In August, the federal land manager for the Mammoth Cave National Park lifted his objections to the proposed Thoroughbred generating station in Kentucky. The Thoroughbred project is a 1,500 megawatt coal-fired plant that will use coal supplied by a nearby mine. The federal land manager removed his objection after reviewing revised air modeling data submitted by the project. Despite the removal of a significant hurdle, the project still faces opposition from several local and national environmental groups, and Indiana has also raised concerns about the plant’s cross-border impact.

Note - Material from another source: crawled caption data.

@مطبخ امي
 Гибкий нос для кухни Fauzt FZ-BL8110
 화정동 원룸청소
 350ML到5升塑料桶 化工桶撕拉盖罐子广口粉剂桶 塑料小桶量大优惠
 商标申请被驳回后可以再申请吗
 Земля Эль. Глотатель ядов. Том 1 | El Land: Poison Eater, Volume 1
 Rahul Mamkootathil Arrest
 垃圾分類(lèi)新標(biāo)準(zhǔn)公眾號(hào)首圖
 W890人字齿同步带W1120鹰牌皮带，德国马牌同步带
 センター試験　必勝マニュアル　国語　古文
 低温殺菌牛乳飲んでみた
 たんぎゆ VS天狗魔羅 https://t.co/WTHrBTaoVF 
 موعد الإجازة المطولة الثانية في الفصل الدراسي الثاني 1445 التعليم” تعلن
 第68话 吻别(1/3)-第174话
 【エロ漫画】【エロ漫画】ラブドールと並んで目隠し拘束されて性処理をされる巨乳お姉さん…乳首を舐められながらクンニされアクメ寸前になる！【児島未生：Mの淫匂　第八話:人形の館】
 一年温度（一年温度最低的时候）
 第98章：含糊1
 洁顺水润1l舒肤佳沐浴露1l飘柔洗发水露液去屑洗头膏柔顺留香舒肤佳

A July order in United States of America v. Southern Indiana Gas and Electric Company recognized that EPA lacked authority to seek civil penalties for air permitting violations more than five years old, and determined that the failure to obtain an NSR permit authorizing the construction of a major modification was a one-time violation. However, the court sided with EPA in agreeing that the agency could seek injunctive relief for an alleged violation of failing to obtain a pre-construction permit.
The New Jersey Department of Environmental Protection has adopted new regulations providing tax credits to power plants and certain industrial facilities that use recycled wastewater known as “gray water” from publicly-owned treatment plants. Companies purchasing equipment to treat gray water for use as makeup water can qualify for up to a 50% credit against the state’s corporate business tax and the purchase of the equipment would also be exempted from state sales taxes.